*** Opening of Data provided ***

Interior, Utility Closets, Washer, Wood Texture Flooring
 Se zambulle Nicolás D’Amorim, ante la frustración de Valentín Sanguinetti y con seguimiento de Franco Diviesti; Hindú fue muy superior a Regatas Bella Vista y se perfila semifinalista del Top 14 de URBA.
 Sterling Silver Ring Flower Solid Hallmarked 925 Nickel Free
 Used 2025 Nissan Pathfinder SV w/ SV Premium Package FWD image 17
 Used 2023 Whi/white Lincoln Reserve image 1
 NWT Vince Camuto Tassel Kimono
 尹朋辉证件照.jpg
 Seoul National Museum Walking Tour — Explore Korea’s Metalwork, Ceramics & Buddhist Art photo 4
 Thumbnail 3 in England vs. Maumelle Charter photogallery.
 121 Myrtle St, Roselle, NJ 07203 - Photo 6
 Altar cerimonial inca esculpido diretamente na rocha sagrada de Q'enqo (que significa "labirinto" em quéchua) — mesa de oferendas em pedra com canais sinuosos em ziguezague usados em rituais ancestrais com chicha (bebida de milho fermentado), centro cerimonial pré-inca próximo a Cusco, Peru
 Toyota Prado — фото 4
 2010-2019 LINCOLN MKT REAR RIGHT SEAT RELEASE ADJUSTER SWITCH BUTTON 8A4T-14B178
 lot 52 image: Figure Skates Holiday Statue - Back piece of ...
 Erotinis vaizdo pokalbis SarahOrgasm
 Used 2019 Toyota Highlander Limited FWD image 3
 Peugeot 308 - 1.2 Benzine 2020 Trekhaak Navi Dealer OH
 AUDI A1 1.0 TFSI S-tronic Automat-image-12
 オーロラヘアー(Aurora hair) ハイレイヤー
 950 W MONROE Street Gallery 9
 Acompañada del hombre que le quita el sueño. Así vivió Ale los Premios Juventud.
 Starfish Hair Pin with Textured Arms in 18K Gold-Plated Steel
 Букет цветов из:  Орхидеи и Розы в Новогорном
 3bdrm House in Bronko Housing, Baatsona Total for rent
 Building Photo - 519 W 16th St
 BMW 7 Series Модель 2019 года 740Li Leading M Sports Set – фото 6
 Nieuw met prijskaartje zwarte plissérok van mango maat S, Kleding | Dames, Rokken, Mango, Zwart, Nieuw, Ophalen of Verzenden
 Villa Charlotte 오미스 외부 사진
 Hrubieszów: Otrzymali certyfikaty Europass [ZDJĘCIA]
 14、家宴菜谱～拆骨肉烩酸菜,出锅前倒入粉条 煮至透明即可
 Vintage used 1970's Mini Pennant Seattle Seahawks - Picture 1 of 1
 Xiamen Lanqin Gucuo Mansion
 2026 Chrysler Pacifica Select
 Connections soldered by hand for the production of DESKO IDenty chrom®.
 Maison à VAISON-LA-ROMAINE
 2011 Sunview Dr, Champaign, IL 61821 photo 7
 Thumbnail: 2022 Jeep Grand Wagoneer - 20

*** Close of Data provided ***

Each record above needs to be set down again, word for word.

Interior, Utility Closets, Washer, Wood Texture Flooring
 Se zambulle Nicolás D’Amorim, ante la frustración de Valentín Sanguinetti y con seguimiento de Franco Diviesti; Hindú fue muy superior a Regatas Bella Vista y se perfila semifinalista del Top 14 de URBA.
 Sterling Silver Ring Flower Solid Hallmarked 925 Nickel Free
 Used 2025 Nissan Pathfinder SV w/ SV Premium Package FWD image 17
 Used 2023 Whi/white Lincoln Reserve image 1
 NWT Vince Camuto Tassel Kimono
 尹朋辉证件照.jpg
 Seoul National Museum Walking Tour — Explore Korea’s Metalwork, Ceramics & Buddhist Art photo 4
 Thumbnail 3 in England vs. Maumelle Charter photogallery.
 121 Myrtle St, Roselle, NJ 07203 - Photo 6
 Altar cerimonial inca esculpido diretamente na rocha sagrada de Q'enqo (que significa "labirinto" em quéchua) — mesa de oferendas em pedra com canais sinuosos em ziguezague usados em rituais ancestrais com chicha (bebida de milho fermentado), centro cerimonial pré-inca próximo a Cusco, Peru
 Toyota Prado — фото 4
 2010-2019 LINCOLN MKT REAR RIGHT SEAT RELEASE ADJUSTER SWITCH BUTTON 8A4T-14B178
 lot 52 image: Figure Skates Holiday Statue - Back piece of ...
 Erotinis vaizdo pokalbis SarahOrgasm
 Used 2019 Toyota Highlander Limited FWD image 3
 Peugeot 308 - 1.2 Benzine 2020 Trekhaak Navi Dealer OH
 AUDI A1 1.0 TFSI S-tronic Automat-image-12
 オーロラヘアー(Aurora hair) ハイレイヤー
 950 W MONROE Street Gallery 9
 Acompañada del hombre que le quita el sueño. Así vivió Ale los Premios Juventud.
 Starfish Hair Pin with Textured Arms in 18K Gold-Plated Steel
 Букет цветов из:  Орхидеи и Розы в Новогорном
 3bdrm House in Bronko Housing, Baatsona Total for rent
 Building Photo - 519 W 16th St
 BMW 7 Series Модель 2019 года 740Li Leading M Sports Set – фото 6
 Nieuw met prijskaartje zwarte plissérok van mango maat S, Kleding | Dames, Rokken, Mango, Zwart, Nieuw, Ophalen of Verzenden
 Villa Charlotte 오미스 외부 사진
 Hrubieszów: Otrzymali certyfikaty Europass [ZDJĘCIA]
 14、家宴菜谱～拆骨肉烩酸菜,出锅前倒入粉条 煮至透明即可
 Vintage used 1970's Mini Pennant Seattle Seahawks - Picture 1 of 1
 Xiamen Lanqin Gucuo Mansion
 2026 Chrysler Pacifica Select
 Connections soldered by hand for the production of DESKO IDenty chrom®.
 Maison à VAISON-LA-ROMAINE
 2011 Sunview Dr, Champaign, IL 61821 photo 7
 Thumbnail: 2022 Jeep Grand Wagoneer - 20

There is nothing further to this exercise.